On the Bears’ defense and the turnovers:

They’ve got veteran experience at all three levels, and their coordinator has been there a long time, so I’ve spent a lot of time around here the last few years just watching them. The bottom line is they’re sound in their defense, they all know their assignments, and what that does is that lends to people being able to play the ball and play with confidence, so it’s showing up for them.

On Adams:

You go back to a certain point last spring when he was healthy, and he has just put in a tremendous amount of work. He knows I barely take him out of the game. The main thing we’ve really been working on since last spring is just the vertical entry into the defense, and that’s been showing up. You’ve seen him using his ability to get on edges and get defensive backs on their heels. I did think he’s as good as he’s performed, and I honestly think he’s better than he’s performed.

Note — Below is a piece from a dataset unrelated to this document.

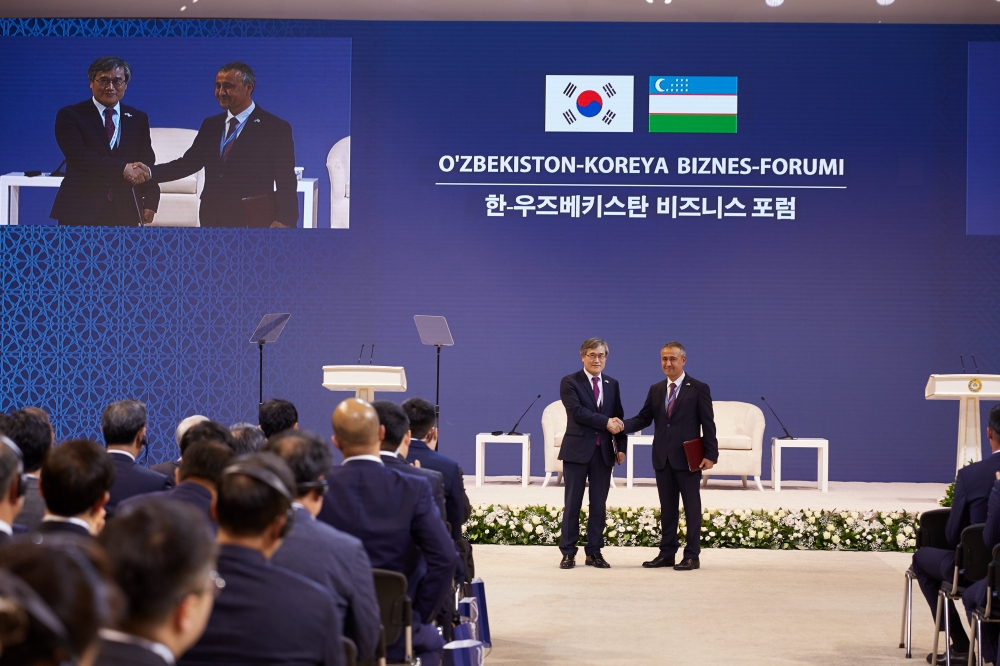 2019년 4월 우즈베키스탄 엑스포센터에서 열린 ‘비즈니스 포럼’에서 김진용(왼쪽) 인천경제청장이 앙그렌경제자유구역을 경제청이 위수탁해 운영하는 합의각서(MOA)를 체결했다. [인천경제청 자료]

On improvising with a veteran QB:

It takes experience to get a feel for that, and we have a couple general rules we try to follow. That’s something you’ll see, we can only get better at that right now. There are times you see we’d have a big play if we operate within our rules. It’ll come.

On Kumerow:

Jake’s definitely earned his spot. I’m trying to work him in there right now. He’s battled. He scored, what, 36, 38 touchdowns in college. He can play, and football is football. Flat out, that’s how I feel. He’s a good player, he’s easy to throw to.